- _WORK INSTRUCTION_: Give back the listing in full and exactly, leaving out the images.

- _DATASET EXTRACT_:
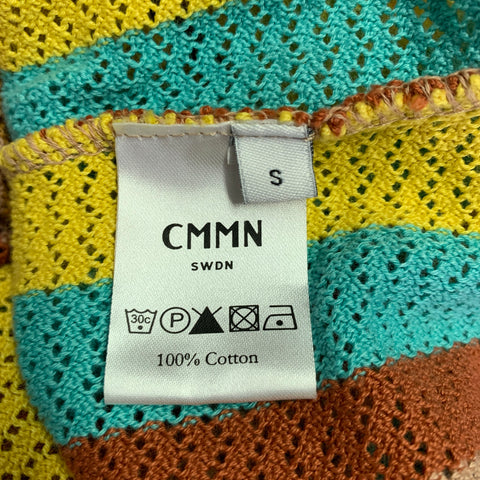 CMMN Size S Multi Color Stripe Cotton Short Sleeve Shirt
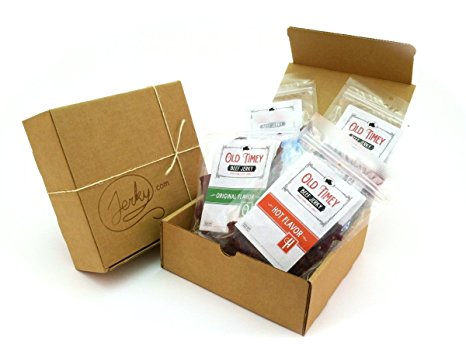 Bricktown Jerky Traditional Style Beef Jerky Gift Basket - REGULAR SIZE - 4 - 1.5 oz. bags - Great Gift for Guys! - Original Beef Jerky, Peppered Beef Jerky, Teriyaki Beef Jerky, and Hot Beef Jerky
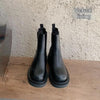 Women’s British-Style Mid-Calf Thick-Soled Leather Boots by FitiqueFit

- _OUTPUT FOR THIS EXERCISE_:
 CMMN Size S Multi Color Stripe Cotton Short Sleeve Shirt
 Bricktown Jerky Traditional Style Beef Jerky Gift Basket - REGULAR SIZE - 4 - 1.5 oz. bags - Great Gift for Guys! - Original Beef Jerky, Peppered Beef Jerky, Teriyaki Beef Jerky, and Hot Beef Jerky
 Women’s British-Style Mid-Calf Thick-Soled Leather Boots by FitiqueFit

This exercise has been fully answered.